An often-overlooked tool in an employer’s armoury in an unfair dismissal case is attacking whether an employee has properly mitigated their loss.
However, it’s not as easy as just arguing that an employee should have done more to find another job.
In a recent case, Cooper Contracting Ltd v Lindsey, the EAT provided some useful guidance on the legal principles involved. In this case, the employer appealed to the EAT arguing that the claimant had failed to mitigate his losses as he had chosen self-employment at a lower remuneration, when there were other opportunities out there, had the claimant wished to look for them.
The EAT dismissed this appeal; they agreed that choosing self-employment was not unreasonable and that the claimant had not failed to mitigate, giving the following guidance:
- The burden of proof is on the employer, and not the claimant.

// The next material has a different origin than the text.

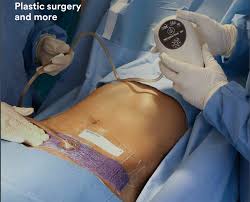 Wound Management -5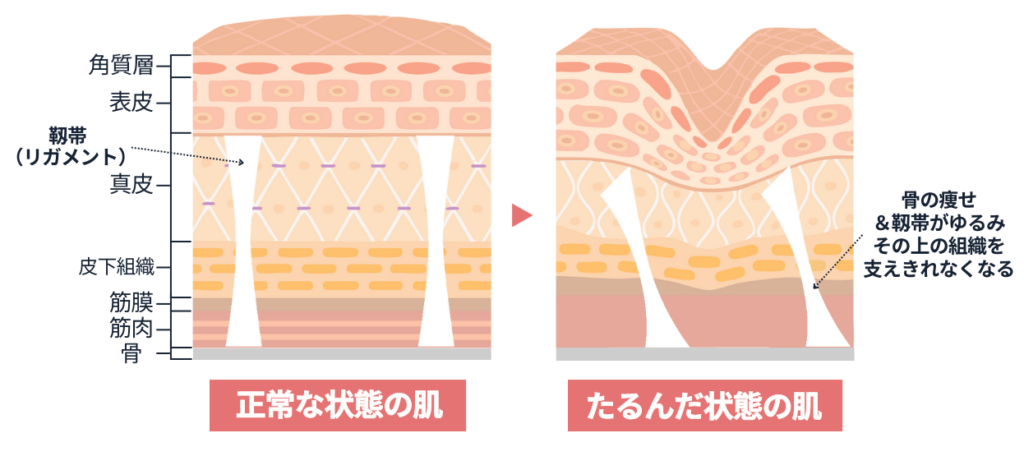 顔の土台のゆるみイメージ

- If the employer does not address the issue of mitigating loss, then the Tribunal need not consider it.
- It must be proved that the claimant acted unreasonably, not that what the claimant did was reasonable.
- What is unreasonable is a matter of fact for the Tribunal to decide.

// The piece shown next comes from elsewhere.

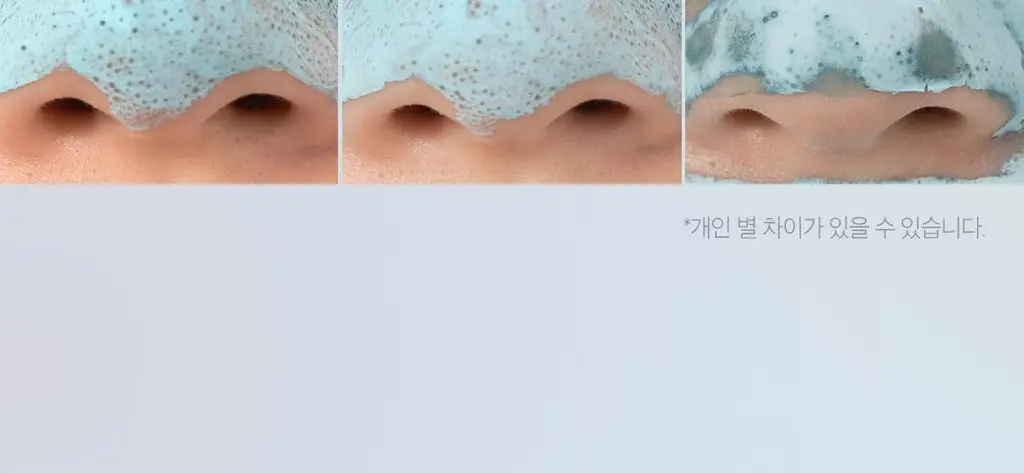 [3분모공청소]메디큐브 제로 모공 블랙헤드 머드팩 100g 상세페이지 7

- The claimant is not to be put on trial as if they were the party at fault, this would be setting the bar too high.
- The test should take into account the views and wishes of the claimant.

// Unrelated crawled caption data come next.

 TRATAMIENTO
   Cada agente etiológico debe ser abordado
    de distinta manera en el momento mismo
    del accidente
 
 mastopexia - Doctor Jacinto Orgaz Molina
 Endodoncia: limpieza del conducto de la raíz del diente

What does this mean for employers?
In order for employers to prove that a former employee has failed to mitigate losses, they should ensure they have sufficient evidence of this. We would advise employers to start collecting evidence of suitable vacancies as soon as the employee is dismissed, if they think that there is a sniff of an unfair dismissal case. Trying to look back retrospectively to gather job ads is an almost impossible task. Useful evidence can also be in the form of an expert report on the local job market and what steps were open to the claimant.